Thursday, July 8, 2010

Dystopia, but NOT Fiction


I know that a lot of the GuysLitWire target audience is too young to remember the Cold War. The Soviet Union and its East European allies have been gone for twenty years or so. But when I read Stasiland: True Stories from Behind the Berlin Wall, I knew I had to tell you about it. In the mid-1990s, soon after East Germany had abandoned the dictatorship, Australian journalist Anna Funder went there to talk with people about life under that regime.

"The Stasi was the internal army by which the government kept control. Its job was to know everything about everyone, using any means it chose. It knew who your visitors were, it knew whom you telephoned, and it knew if your wife slept around. It was a bureaucracy metastasised through East German society: overt or covert, there was someone reporting to the Stasi on their fellows and friends in every school, every factory, every apartment block, every pub. Obsessed with detail, the Stasi entirely failed to predict the end of Communism, and with it the end of the country. Between 1989 and 1990 it was turned inside out: Stalinist spy unit one day, museum the next. In its forty years, 'the Firm' generated the equivalent of all records in German history since the middle ages. Laid out upright and end to end, the files the Stasi kept on their countrymen and women would form a line 180 kilometers long." (That's almost 112 miles.) I couldn't help thinking about George Orwell's 1984 as I read Stasiland. Orwell got a lot of it right!

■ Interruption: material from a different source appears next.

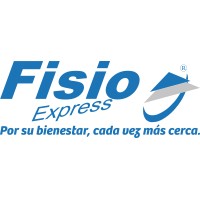 FisioExpress logo, FisioExpress contact details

Herr Bock, who had taught Stasi agents how to recruit informers, told the author, 'You know... It is not widely known that in the end, 65 per cent of the church leaders were informers for us, and the rest of them were under surveillance anyhow.'

Ms. Funder writes, "I once saw a note on a Stasi file from early 1989 that I would never forget. In it a young lieutenant alerted his superiors to the fact that there were so many informers in church opposition groups at demonstrations that they were making these groups appear stronger than they really were. In one of the most beautiful ironies that I have ever seen, he dutifully noted that it appeared that, by having swelled the ranks of the opposition, the Stasi was giving the people heart to keep demonstrating against them."

She asked Herr Bock about those being investigated, "How did you know they were enemies?"

"'Well,' he says in his soft voice, 'once an investigation was started into someone, that meant there was suspicion of enemy activity.' This was perfect dictator-logic: we investigate you, therefore you are an enemy. 'We searched for enemies in all the areas I mentioned: in the factories, in the state apparatus, the church, the schools and so on. In fact,' he says, 'as time went on there was more and more work to do because the definition of enemy became wider and wider.'"

Funder also relates the story "of a factory worker who, after she was approached to inform, announced loudly the next day at the canteen table, 'Guess what! You wouldn't credit it, but They think me so reliable that I've been asked to inform!' Her cover blown, she was useless and she was left alone."

Many people tell their stories in this wonderful, important book. If you liked 1984, or if you wonder what the Iron Curtain was all about, do yourself a favor and check it out!